What will this make possible that is currently not possible?
The idea is to turn a longer expression into a single pass over the data. In many situations this can reduce memory bus traffic over the common Python approach (which is to evaluate each subexpression one by one into temporary buffers).
There seems to be only two possible ways of achieving this at compile-time. One is building it into the language (proposed here). The other would be using the powerful metaprogramming capabilities of C++ and wrap a C++ library. However to get the nice interopability with Python, such a C++ library would need to be pretty much custom-written for use by Cython.
cdef extern from "math.h": double sqrt(double) cdef double[:] radius(double[:] x, double[:] y): return sqrt(x*x + y*y)
This would correspond to a loop containing roughly tmp[idx] = sqrt(x[idx]*x[idx] + y[idx]*y[idx]) (though implementations could use faster methods).
- The operations are element-wise, so that the result is the same length as x and y. x and y must in general have the same length (but see "broadcasting" below).
- Element-wise operations have Cython semantics (Cython semantics for integer division; one cannot add two pointers; etc.)
For function calls like sqrt above, functions must have arguments typed as the base-type of the array. If they take object this is interpreted as the entire array coerced to an object, not element-wise behaviour.

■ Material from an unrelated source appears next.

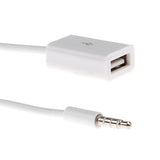 White 3.5mm male AUX audio plug to USB 2.0 Fema jack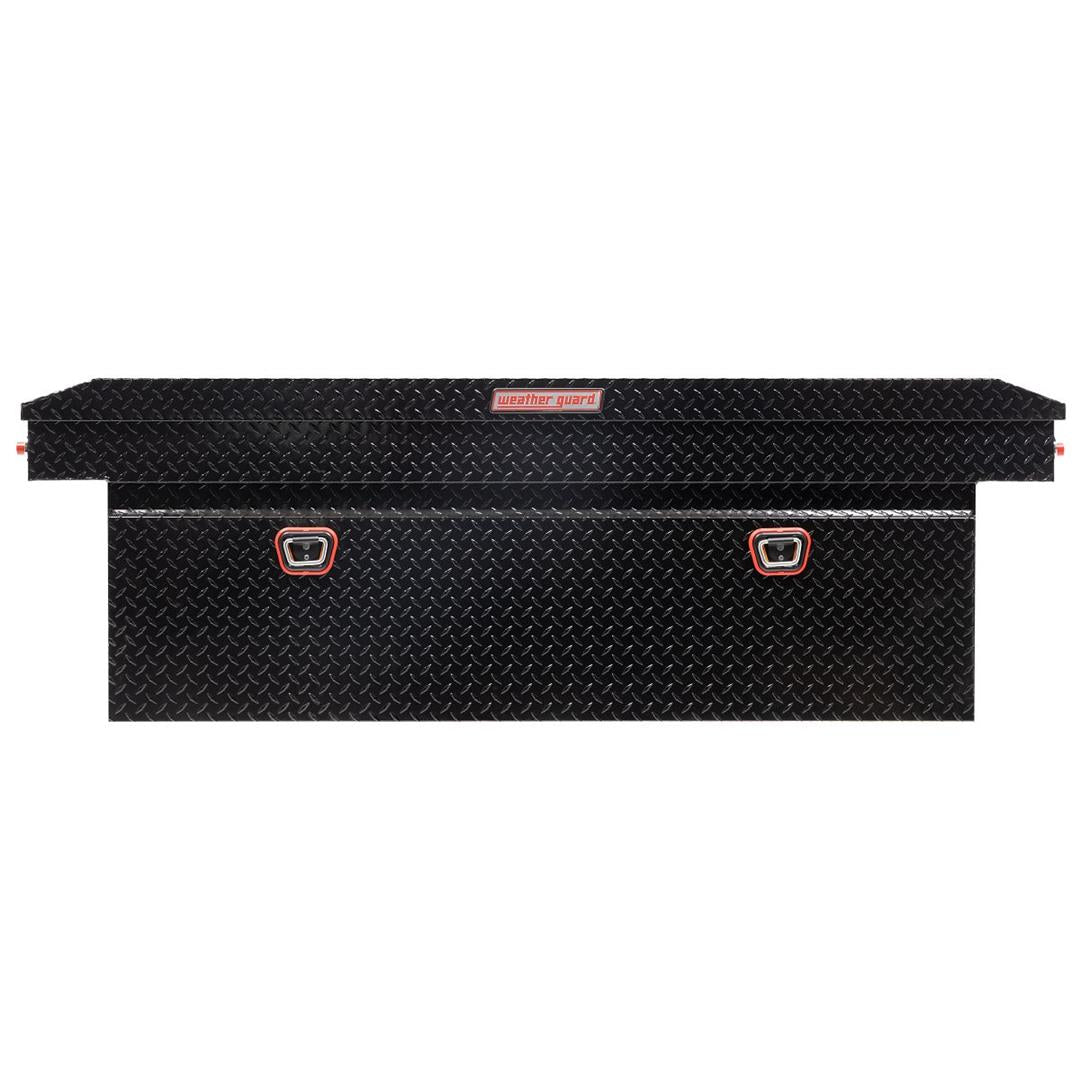 Tool Box Crossover; Single Lid; Powder Coated; Gloss Black; Aluminum; 72 Inch Length x 24 Inch Height x 20-1/2 Inch Width; 14.2 Cubic Feet Capacity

- Side-effects in functions calls do (of course) happen once for each element in the array -- this is just part of the convention
The NumPy broadcasting rules will apply. This deals with how situations is handled for array with different sizes. The basic idea is that arrays with lower dimensionality gets added 1-length dimensions, and dimensions of length 1 can be repeated. See e.g.:
Doing arithmetic with one array and one scalar is seen as a special case of this; the scalar operates with every element in the array.
Because the way numerical computations like this can vary depending on usecase and available compilers/CPU instructions/libraries we could
- Implement a reference implementation creating naive C loops, not caring too much about efficiency
- Make it possible to develop plugins with other backends for higher performance.
- For instance we could generate small snippets of Fortran code and link them in.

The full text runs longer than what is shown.